Try to be more precise about how the reduction steps are performed and replace _round and _rint by roundeven.

fhahn marked 4 inline comments as done.Oct 12 2021, 6:10 AM
fhahn added inline comments.
clang/docs/LanguageExtensions.rst
538

I removed rint and round for now and add` _roundeven` with the wording from TS 18661-1

552

I tried to spell it out more clearly. I'm still not sure if that spells it out as clearly as possibly and I'd appreciate any suggestions on how to improve the wording.

craig.topper added inline comments.Oct 12 2021, 8:15 AM
clang/docs/LanguageExtensions.rst
552

The input is a single vector. I'm not understanding where we get a second vector to concatenate.

fhahn updated this revision to Diff 379517.Oct 13 2021, 1:39 PM
fhahn marked 2 inline comments as done.

Another stab at phrasing the reduction step. Also added a note that the implementation is work-in-progress.
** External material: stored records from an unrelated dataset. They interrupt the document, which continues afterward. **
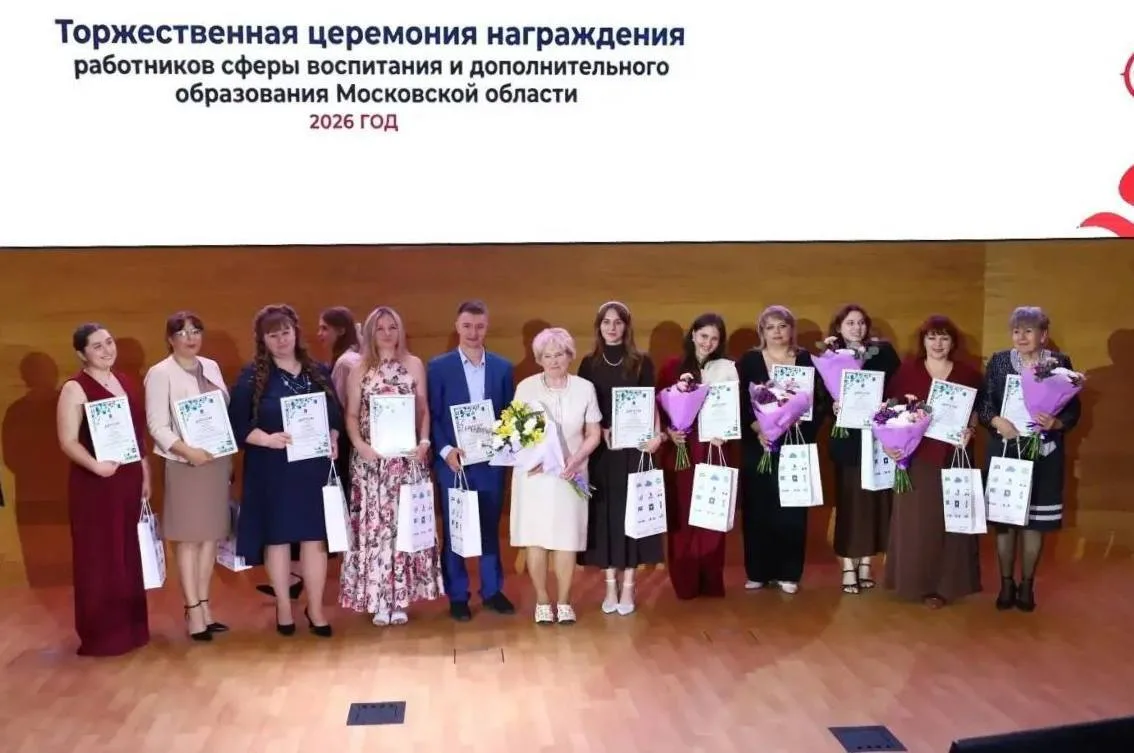 🥇Подольчане – призёры регионального этапа конкурса профессионального мастерства «Сердце отдаю детям»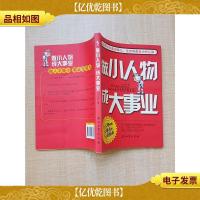 做小人物成大事业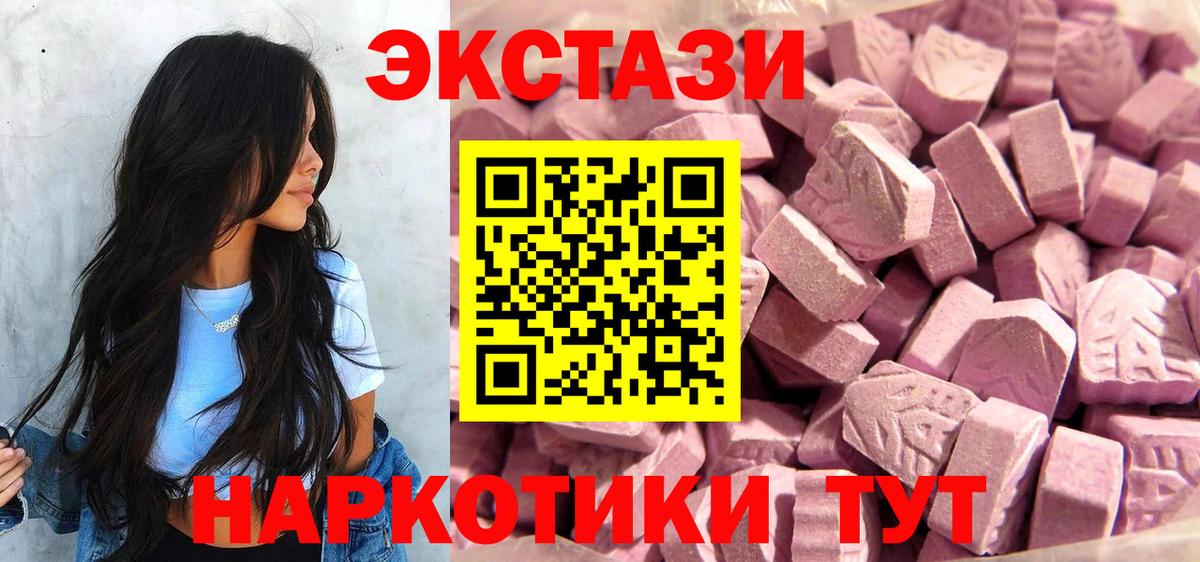 Ecstasy MDMA Москва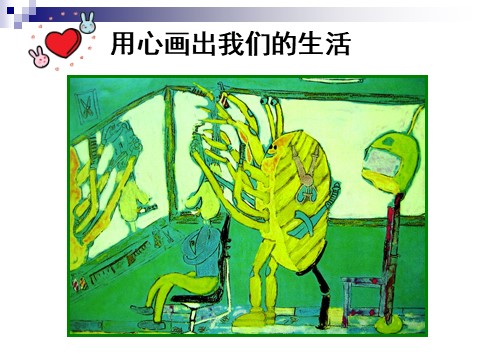 二年级上册美术《画出你的想象》课件4第9页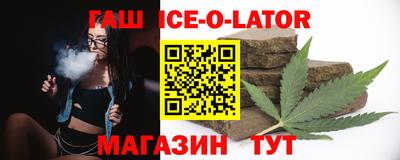 MDMA Premium VHQ Нарткала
fhahn marked an inline comment as done.Oct 13 2021, 1:40 PM
fhahn added inline comments.
clang/docs/LanguageExtensions.rst
552

Oh yes, now I see where the confusion was coming from. I was thinking about the reduction tree and how the input is broken up. Sorry for the confusing wording. I gave it another try, should be much simpler again now.

scanon accepted this revision.Oct 13 2021, 1:50 PM

I'm happy with this now.

clang/docs/LanguageExtensions.rst
552

It's unclear because there's no apparent "first" or "second" vector; there's just a single argument, and the result isn't a vector, it's a scalar. I think you want to say something like: "the operation is repeatedly applied to adjacent pairs of elements until the result is a scalar" and then provide a worked example.
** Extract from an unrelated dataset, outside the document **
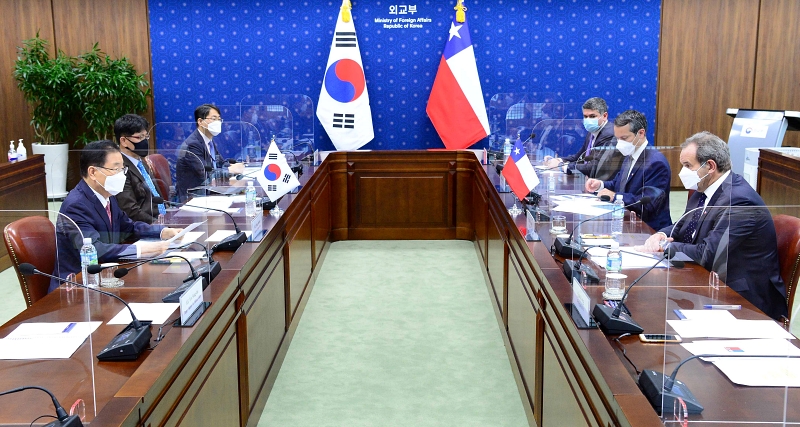 한-칠레 외교장관회담 개최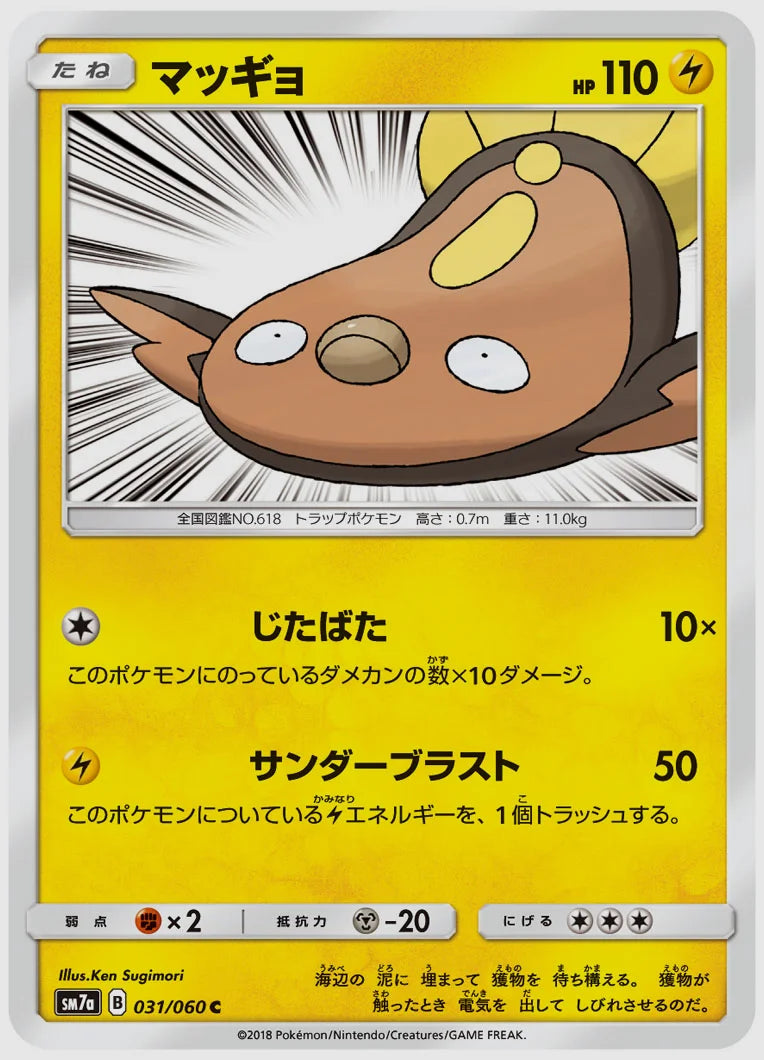 マッギョ(C) [SM7a. 031/060]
This revision is now accepted and ready to land.Oct 13 2021, 1:50 PM
craig.topper added inline comments.Oct 13 2021, 2:15 PM
clang/docs/LanguageExtensions.rst
552

Should it somehow mention the pair is the even element i and the odd element i+1. There are n-1 adjacent pairs in an n element vector, but we want non-overlapping pairs.

Should probably spell out the non-power2 behavior. Presumably we pad identity elements after the last element to widen the vector out to a power 2 and then proceed normally?

kparzysz added inline comments.
clang/docs/LanguageExtensions.rst
553

It's really not clear what "horizontal recursive pairwise" means unless one has read the mailing list discussions. Maybe you could spell it out, e.g. "recursive even-odd pairwise reduction" or something like that.

fhahn updated this revision to Diff 380351.Oct 18 2021, 5:11 AM
fhahn marked an inline comment as done.

Thanks for the latest set of comments!

I tried to incorporate the suggestions about improving the reduction wording. I also added an example.

I also put up 2 patches to start with the implementation of min/max and the abs builtins in D111985 and D111986. I adjusted the supported types for __builtin_elementwise_abs to *signed* integer and floating point types.

fhahn updated this revision to Diff 380352.Oct 18 2021, 5:18 AM
fhahn marked an inline comment as done.

adjust padding wording.

fhahn marked 2 inline comments as done.Oct 18 2021, 5:18 AM
fhahn added inline comments.
clang/docs/LanguageExtensions.rst
552

Should it somehow mention the pair is the even element i and the odd element i+1. There are n-1 adjacent pairs in an n element vector, but we want non-overlapping pairs.

Thanks, I tried to update the wording to make it clear that it operates on even-odd non-overlapping pairs.

Should probably spell out the non-power2 behavior. Presumably we pad identity elements after the last element to widen the vector out to a power 2 and then proceed normally?

Good point, done!

I think you want to say something like: "the operation is repeatedly applied to adjacent pairs of elements until the result is a scalar" and then provide a worked example.

Used and added an example.

553

Thanks, I used that wording!

craig.topper added inline comments.Oct 18 2021, 11:07 AM
clang/docs/LanguageExtensions.rst
557

widening -> widened

fhahn updated this revision to Diff 380500.Oct 18 2021, 12:53 PM
fhahn marked an inline comment as done.

Fix wording: widening -> widened, thanks!

fhahn marked an inline comment as done.Oct 18 2021, 12:54 PM
fhahn added inline comments.
clang/docs/LanguageExtensions.rst
557

thanks, should be fixed!

kito-cheng added inline comments.
clang/docs/LanguageExtensions.rst
579

The example above use __builtin_reduce_fadd, but not listed here? or should we just use __builtin_reduce_add for floating point and fix the example?

fhahn updated this revision to Diff 380598.Oct 19 2021, 12:56 AM
fhahn marked an inline comment as done.

Thanks @kito-cheng, the example should use __builtin_reduce_add instead of _fadd! Fixed

fhahn marked an inline comment as done.Oct 19 2021, 1:16 AM
fhahn added inline comments.
clang/docs/LanguageExtensions.rst
579

Thanks it should be _add instead of _fadd. fixed.

fhahn updated this revision to Diff 380612.Oct 19 2021, 2:04 AM
fhahn marked an inline comment as done.

Following feedback from D111986, explicitly spell out abs behavior of most negative integer as undefined.

fhahn updated this revision to Diff 380755.Oct 19 2021, 12:32 PM

As @scanon pointed out in D111986, most simd implementations should handle abs(INT_MIN) consistently by returngin INT_MIN. It's therefore better to avoid defining abs(INT_MIN) as UB, which would make the intrinsic more difficult to use. I updated the abs definition to spell out the behavior of abs(INT_MIN) as returning INT_MIN.

This revision was automatically updated to reflect the committed changes.